Božidar Matić (/sh/; 8 September 1937 – 12 May 2016) was a Bosnian politician and academic who served as Chairman of the Council of Ministers of Bosnia and Herzegovina from February to July 2001. Additionally, he was Minister of Finance and Treasury during that period as well.

While a member of the League of Communists of Yugoslavia, Matić was rector of the University of Sarajevo from 1981 to 1985, and was also the director of Energoinvest. He was later member of the Social Democratic Party from 1992 until his death in 2016, and was also the longest-serving president of the Academy of Sciences and Arts of Bosnia and Herzegovina from 1999 to 2014.

==Early life and education==
Matić was born in Bogatić, Kingdom of Yugoslavia, present-day Serbia on 8 September 1937, but moved to present-day Bosnia and Herzegovina early in his childhood. He attended elementary and high school in Visoko. His subsequent education was at the University of Zagreb, where he earned a BS in 1960. He earned an MS at the University of Belgrade in 1963, and finally a PhD at the University of Sarajevo in 1971. Matić was part of a large engineering team which worked on the project of the electrification of the Sarajevo–Ploče railway in the 1960s and 1970s.

==Career==
Matić was a member of the League of Communists of Yugoslavia until 1990, during which he was an official in the Federal Executive Council. He was rector of the University of Sarajevo between 1981 and 1985. Matić worked for many years at Energoinvest, the largest company in Yugoslavia at the time, and was later its director. Following the breakup of Yugoslavia and the independence of Bosnia and Herzegovina, he became a member of the Social Democratic Party (SDP BiH) in 1992.

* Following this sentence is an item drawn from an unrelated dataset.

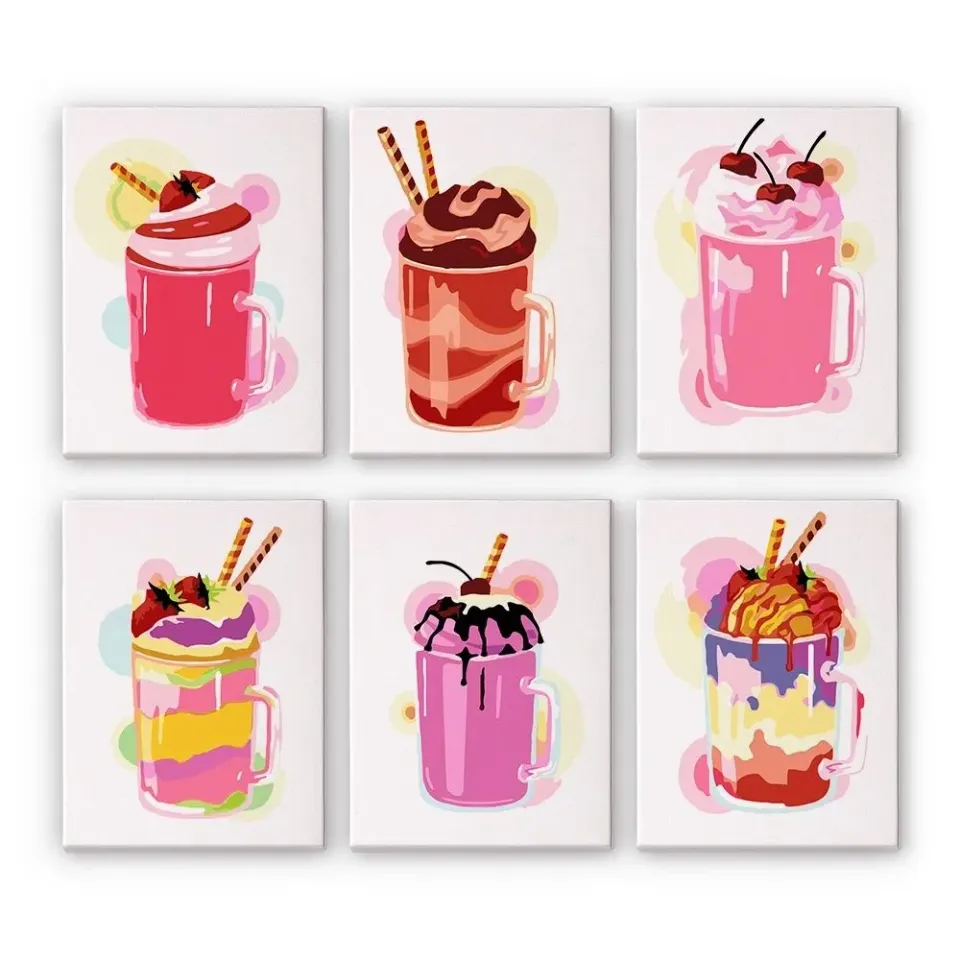 Figured'Art Kleurrijke Milkshakes mini schilderen op nummer 6 stuks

Following the 2000 parliamentary election, the SDP BiH formed a coalition with the Party for Bosnia and Herzegovina to gain a majority and force the nationalist parties out of power. They gathered a coalition of many other small parties to create the "Alliance for Change". Matić became Chairman of the Council of Ministers and Minister of Finance and Treasury on 22 February 2001. The SDP BiH-led government facilitated the passage of the Election Law, which was not only an important step towards democracy, but also a prerequisite to Bosnia's accession to the Council of Europe. He served in both offices until July 2001.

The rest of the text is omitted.